You are viewing a plain text version of this content. The canonical link for it is here.
Posted to user@ignite.apache.org by j_recuerda <je...@shapelets.io> on 2020/01/23 17:06:01 UTC

Lost partitions automatically reset

Hello

I have a cluster with 3 nodes with persistence enabled. I have a distributed
cache with backup = 1 where I put some data.

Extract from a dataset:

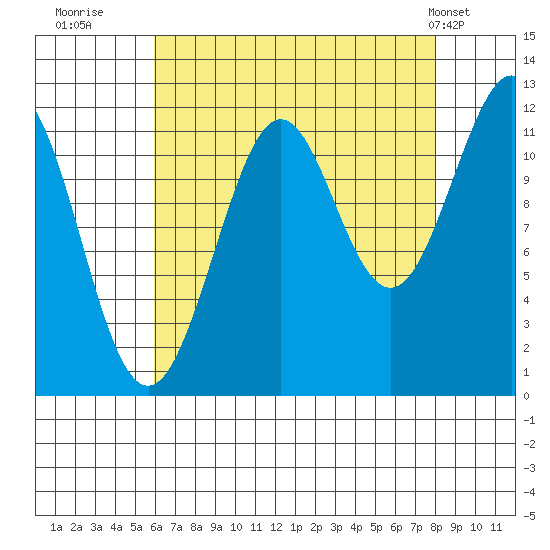 Baranof tide chart for Friday, August 30, 2024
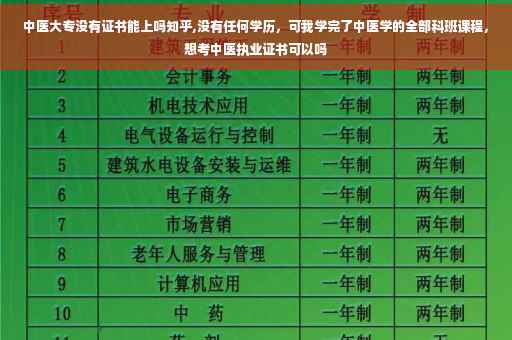 中医大专没有证书能上吗知乎,没有任何学历，可我学完了中医学的全部科班课程，想考中医执业证书可以吗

After I shutdown NODE-2 and NODE-3 some partitions state become LOST. Then I
run NODE-2 again, all the data from the cache is enabled again, but the
partition loss policy is still applied. 

Do I have to manually check what partitions are in the node which is waking
up and call manually to resetLostPartitions? I would expect it to be found
out "automatically"

Thank you!



--
Sent from: http://apache-ignite-users.70518.x6.nabble.com/

Re: Lost partitions automatically reset

Posted by j_recuerda <je...@shapelets.io>.
akorensh wrote
>   The issue you described is a bit different from the original topic.
>    This one deals with incorrect lostPartitions() count

Sorry about that. As I mentioned I have two different behaviors, hence the
mess up. I am trying to reproduce the original issue, the one I am
experiencing in my project, in a toy project but I have not been able yet. I
can't figure out why.

Thank you.



--
Sent from: http://apache-ignite-users.70518.x6.nabble.com/

Re: Lost partitions automatically reset

Posted by akorensh <al...@gmail.com>.
Hi,
  Thanks for the reproducer project. 
  The issue you described is a bit different from the original topic.
   This one deals with incorrect lostPartitions() count

(Original issue:
I have a cluster with 3 nodes with persistence enabled. I have a distributed
cache with backup = 1 where I put some data.
After I shutdown NODE-2 and NODE-3 some partitions state become LOST. Then I
run NODE-2 again calling cache.lostPartitions(), which returns the array
with all
the lost partitions. This call
    is done from NODE-2 when it is run again. At this point, I would expect
those partitions not to be lost since all the data is available again.)

Reproducer issue:
  - Run 5 nodes NodeStartup.kt
  - Run Client.kt which insert some data into an
  - Shut down 2 out of the 5 Nodes.
  - Run Client.kt again.
          * Calling to lostPartitions() returns an empty list, I would
expect it to return some partitions since the backup is set to one and two
nodes were turned off.
   

  We were able to reproduce the issue with the incorrect lostPartitions(),
and are planning a fix.

Thanks, Alex



--
Sent from: http://apache-ignite-users.70518.x6.nabble.com/

Re: Lost partitions automatically reset

Posted by Igor Belyakov <ig...@gmail.com>.
Hi,

I've tried to run provided example with partitionLossPolicy changed to
"READ_WRITE_SAFE", as was described in initial message, and received next
results:

1. After shutting down of 2 nodes (out of 5) I see lost partitions on the
client:
JRH: LostData = [6, 32, 35, 41, 66, 83, 112, 115, 134, 136, 137, 171, 188,
195, 227, 231, 233, 243, 265, 273, 277, 289, 298, 300, 306, 314, 328, 347,
366, 371, 382, 383, 391, 394, 401, 410, 413, 417, 420, 426, 433, 461, 475,
484, 494, 496, 527, 537, 542, 547, 550, 570, 584, 599, 604, 608, 612, 616,
639, 653, 655, 660, 661, 693, 695, 701, 707, 711, 715, 717, 731, 752, 764,
776, 782, 789, 810, 817, 818, 834, 847, 849, 854, 856, 862, 879, 893, 897,
909, 921, 924, 926, 932, 938, 955, 969, 970, 974, 978, 979, 980, 994, 1007,
1013, 1021]
And "Failed to map keys for cache (all partition nodes left the grid)." is
thrown since we don't have partitions for such keys.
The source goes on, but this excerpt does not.